Administrative convenience would suffice, as would the legislature's
possible conclusion that sex offenders who had been convicted of a
single offense and who had been discharged more than ten years
before posed less danger to the public.  The legislature could
reasonably conclude that, given the expectable difficulty in
identifying and locating offenders who had not been under state
supervision for more than ten years, and given the lesser degree of
danger that such offenders posed, it was not worth the effort to
include them in the initial registration and reporting requirements. 

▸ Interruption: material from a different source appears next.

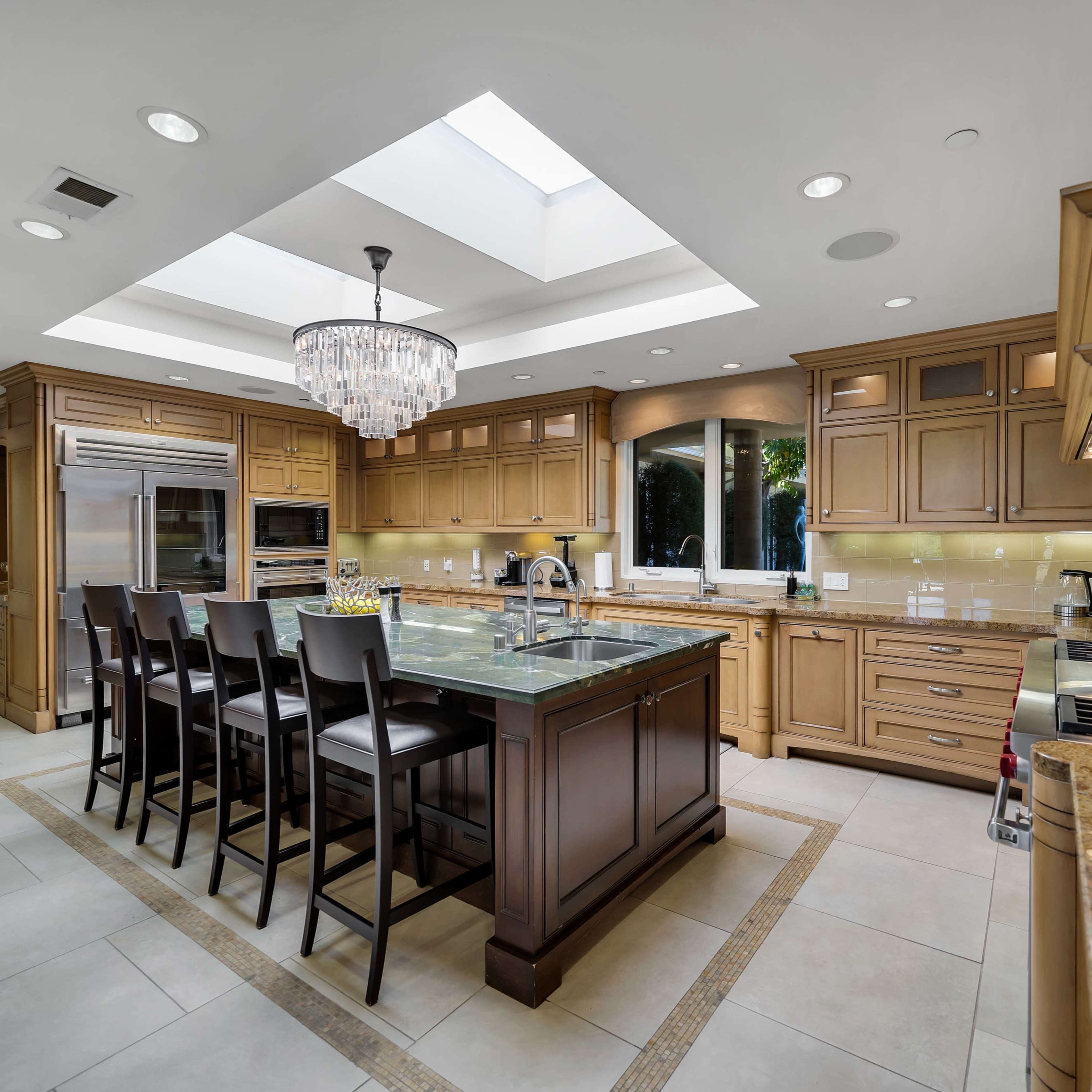 A spacious kitchen features a central island with seating, wooden cabinetry, and a skylight that illuminates the area.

          For these reasons, we uphold the transitional provision
(SLA 1994, ch. 41, sec. 12) against Martin's equal protection
attack. 
          In sum:  The decision of the district court (dismissing
the charge of failure to register) is REVERSED.  The complaint is
reinstated, and this case is remanded to the district court for
further proceedings on that complaint. 



                            FOOTNOTES


Footnote 1:

     See SLA 1994, ch. 41. 


Footnote 2:

     See AS 12.63.010(d); AS 12.63.020(a). 


Footnote 3:

     AS 11.56.840(a).  


Footnote 4:

     986 P.2d 890 (Alaska App. 1999). 


Footnote 5:

     988 P.2d 109 (Alaska App. 1999).


Footnote 6:

     See City of Cleburne, Texas v. Cleburne Living Center, 473 U.S.
432, 441-42; 105 S.Ct. 3249, 3255; 87 L.Ed.2d 313 (1985); Alaska
Pacific Assurance Co. v. Brown, 687 P.2d 264, 269-270 (Alaska 1984). 


Footnote 7:

     985 P.2d 1007, 1017-18 (Alaska App. 1999).